■ **Task prompt**
Output the entries exactly as they appear. Pictures should not be included.

[Collection entries]
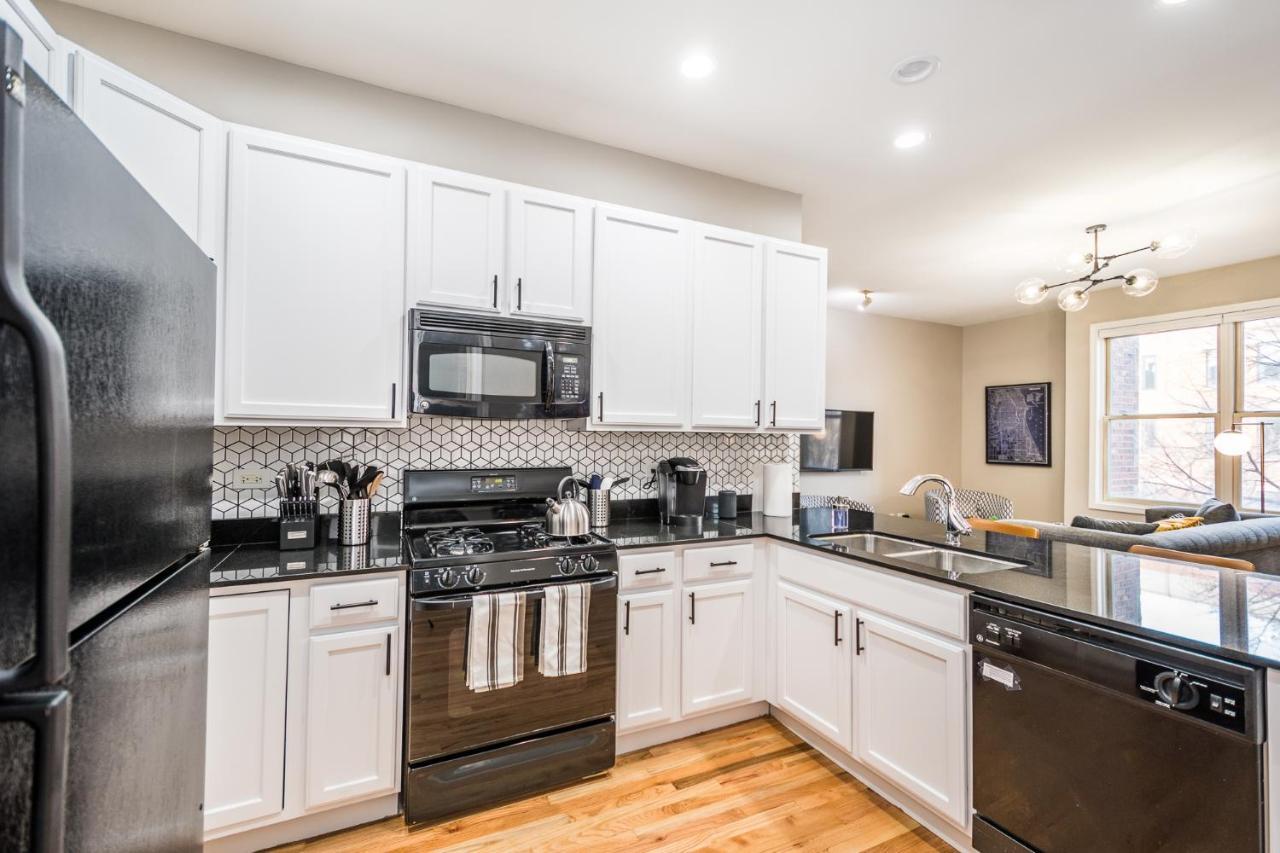 Vibrant And Modern 2-Bedroom Home Near Downtown Chicago Bagian luar foto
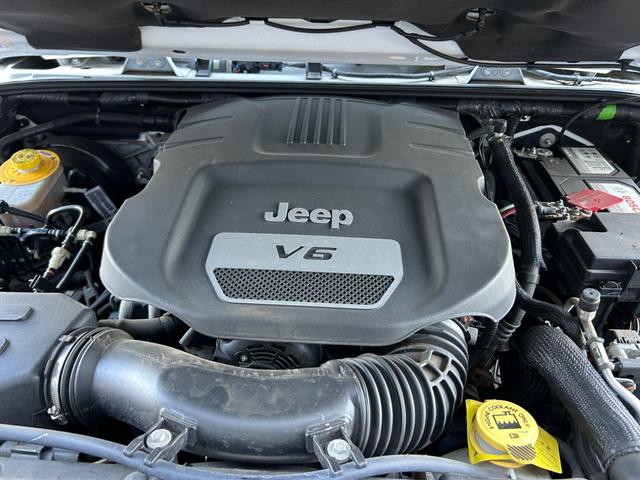 ジープ・ラングラーアンリミテッド スポーツ SDナビ 12セグ BT DVD CD サイド/バックカメラ 白黒レザー調シートカバー LEDヘッドライト クルーズコントロール ETC 純正17インチアルミホイール フロアマット 禁煙車(68枚目)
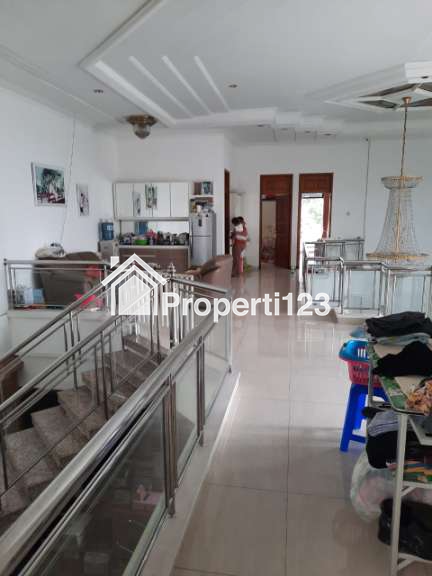 Rumah Mewah 2 Lantai Komplek Dharmahusada Indah Siap Huni - 6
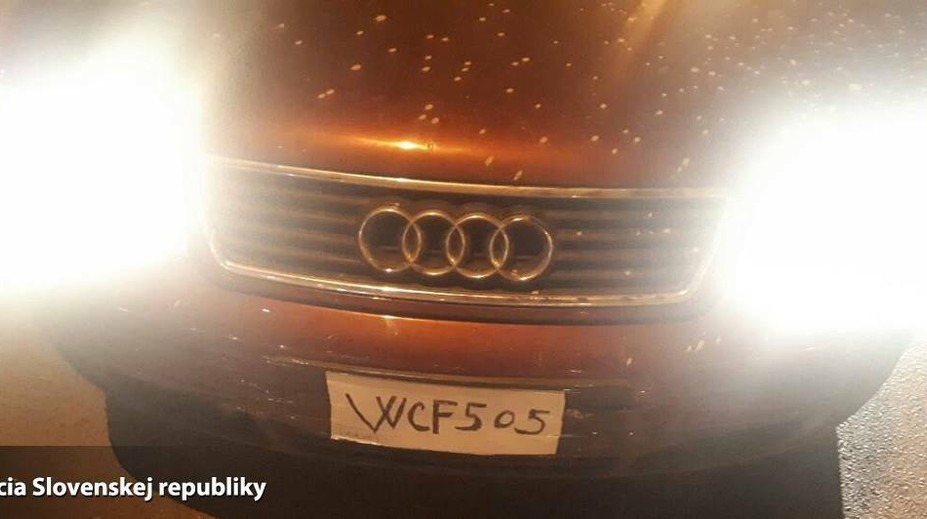 Tvorivosti sa medze nekladú. Auto malo namiesto okna igelit a miesto značky kus papiera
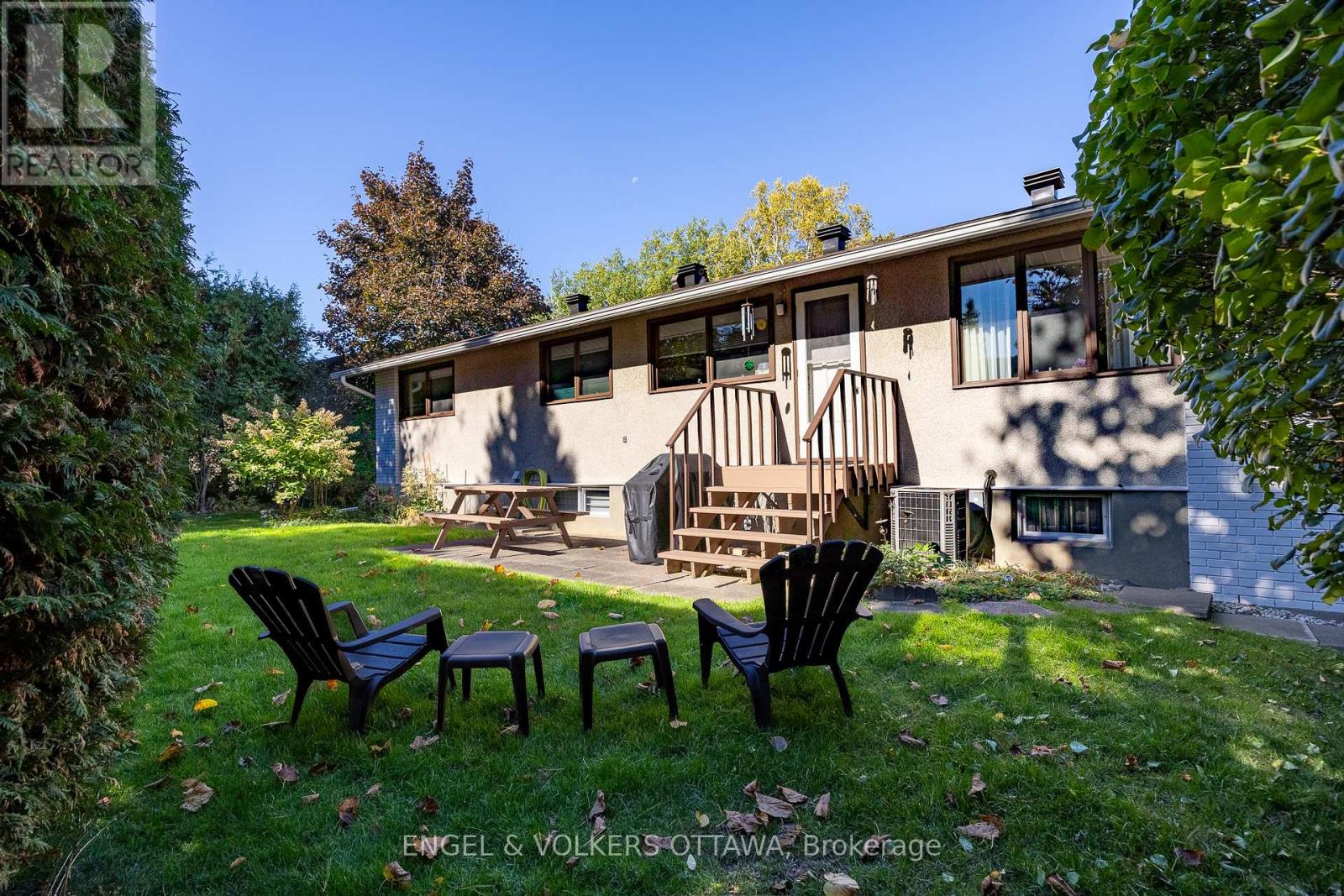 34 Wallford Way, Ottawa, Ontario  K2E 6B6 - Photo 42 - X12757948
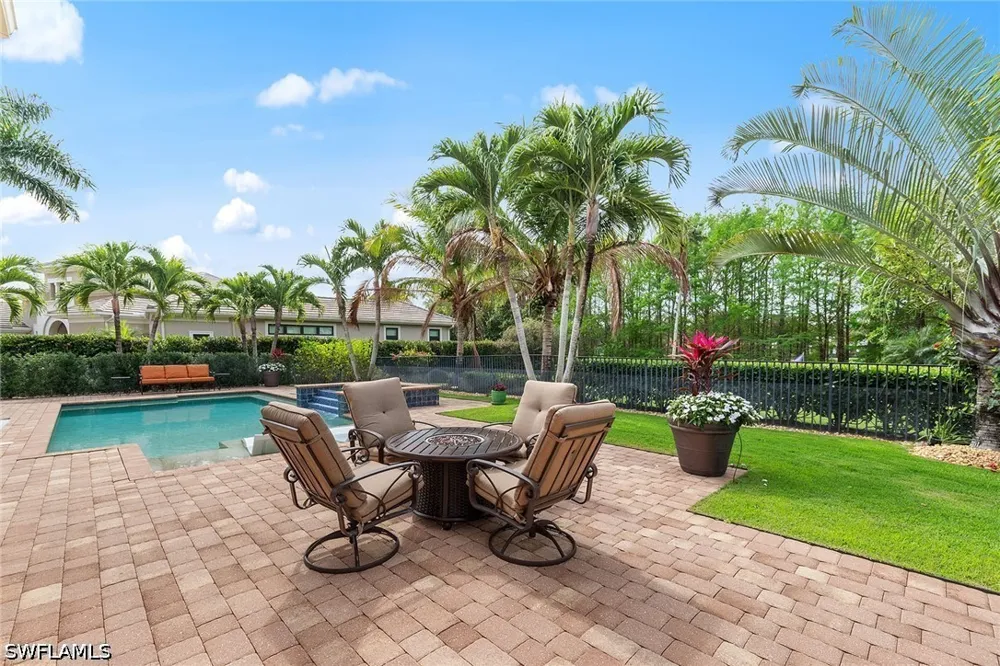 Tamworth Court Naples, FL 34119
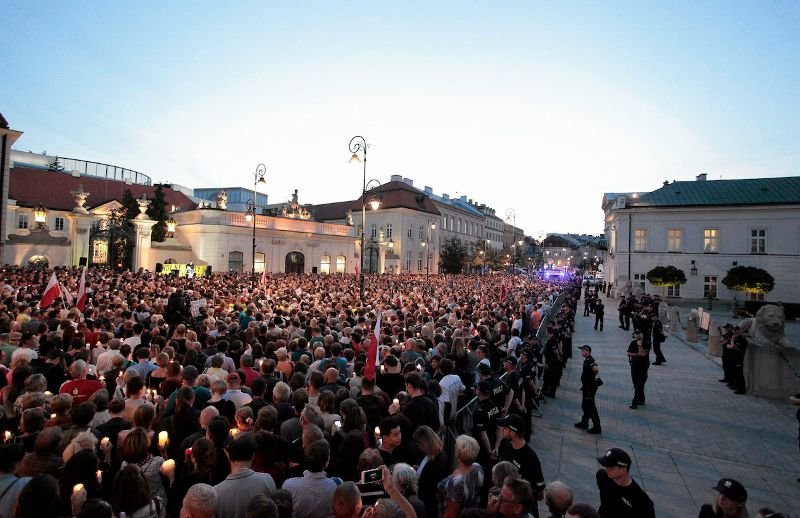 Przed Pałacem Prezydenckim zebrały się tłumy, które protestują przeciwko zmianom PiS w sądownictwie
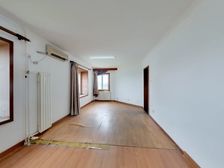 金宸国际公寓高楼层133.08平米精装东南北3室2厅2卫出售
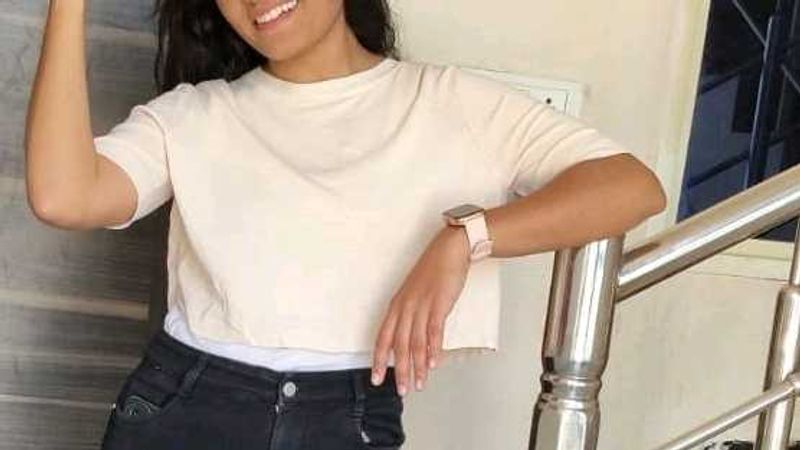 Women's Cream Cropped T-Shirt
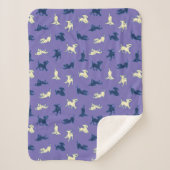 Geel en zwart Lab Puppies op Paarse achtergrond Sherpa Deken (Voorkant)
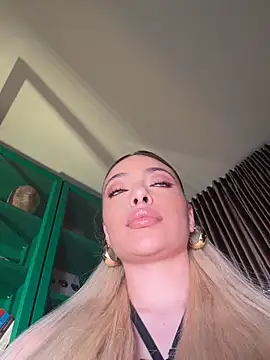 Snapshot of Ginevrafedez chatting on February 20, 2026, 2:30 am Ginevrafedez online show from February 20, 2026, 2:30 am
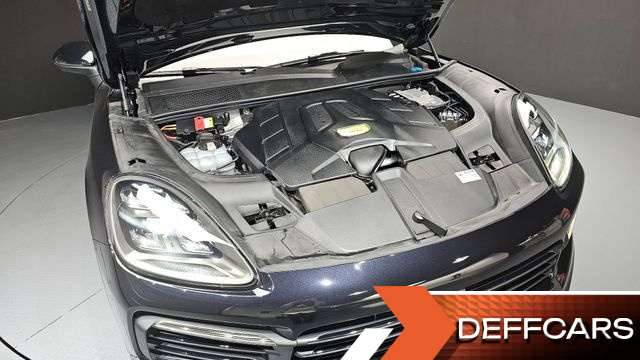 Porsche CAYENNE 3.0 купить на сайте DeffCars
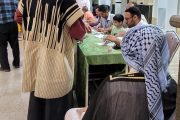 گزارش تصویری حضور پرشور مردم اهواز پای صندوق های رای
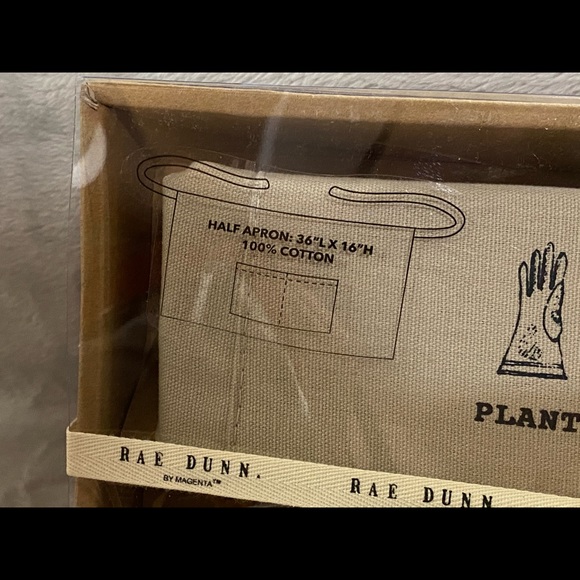 Rae Dunn Garden Set - Picture 2 of 5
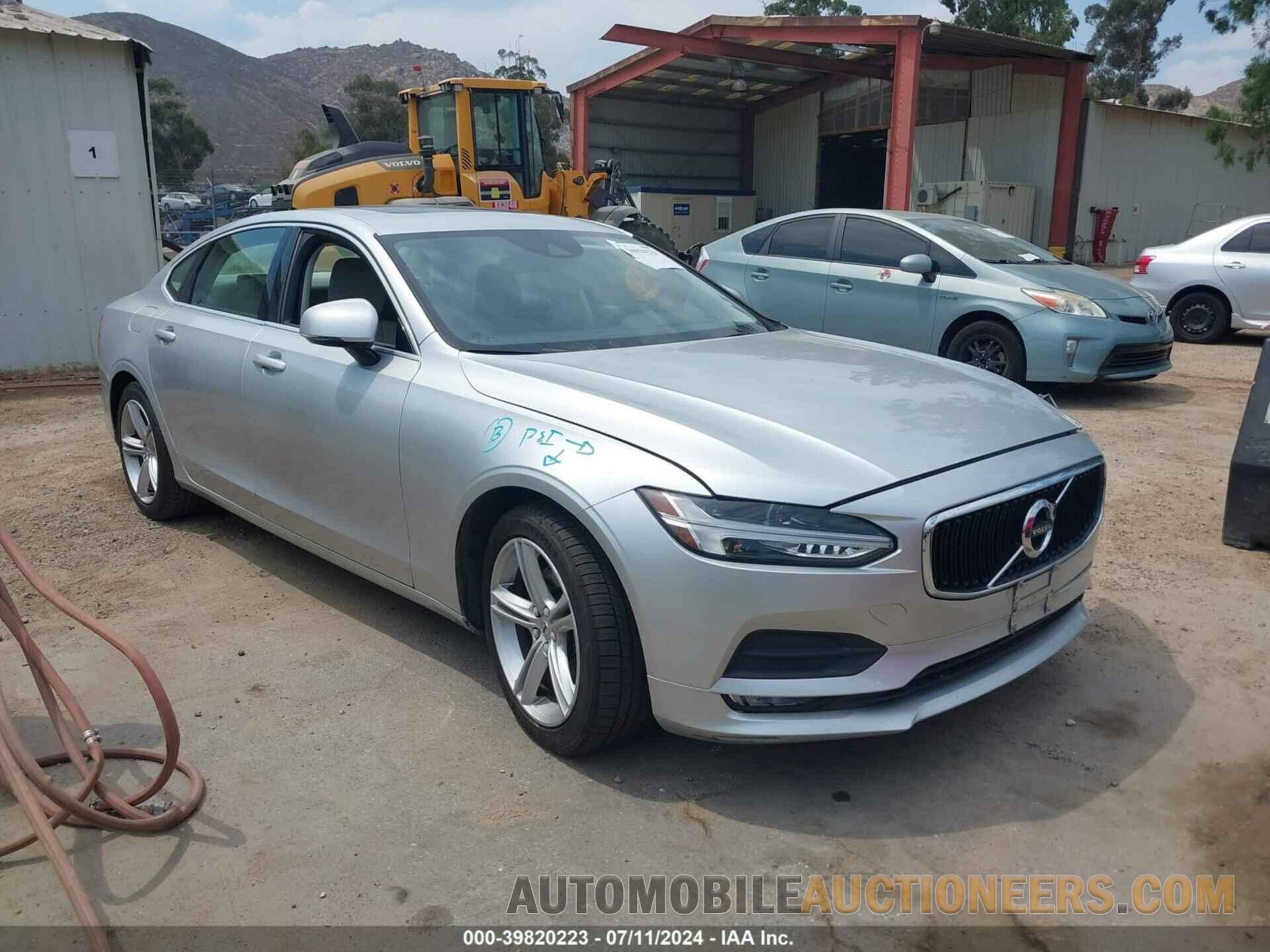 LVY982AK0JP006376 VOLVO S90 2018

■ **Exercise solution**
 Vibrant And Modern 2-Bedroom Home Near Downtown Chicago Bagian luar foto
 ジープ・ラングラーアンリミテッド スポーツ SDナビ 12セグ BT DVD CD サイド/バックカメラ 白黒レザー調シートカバー LEDヘッドライト クルーズコントロール ETC 純正17インチアルミホイール フロアマット 禁煙車(68枚目)
 Rumah Mewah 2 Lantai Komplek Dharmahusada Indah Siap Huni - 6
 Tvorivosti sa medze nekladú. Auto malo namiesto okna igelit a miesto značky kus papiera
 34 Wallford Way, Ottawa, Ontario  K2E 6B6 - Photo 42 - X12757948
 Tamworth Court Naples, FL 34119
 Przed Pałacem Prezydenckim zebrały się tłumy, które protestują przeciwko zmianom PiS w sądownictwie
 金宸国际公寓高楼层133.08平米精装东南北3室2厅2卫出售
 Women's Cream Cropped T-Shirt
 Geel en zwart Lab Puppies op Paarse achtergrond Sherpa Deken (Voorkant)
 Snapshot of Ginevrafedez chatting on February 20, 2026, 2:30 am Ginevrafedez online show from February 20, 2026, 2:30 am
 Porsche CAYENNE 3.0 купить на сайте DeffCars
 گزارش تصویری حضور پرشور مردم اهواز پای صندوق های رای
 Rae Dunn Garden Set - Picture 2 of 5
 LVY982AK0JP006376 VOLVO S90 2018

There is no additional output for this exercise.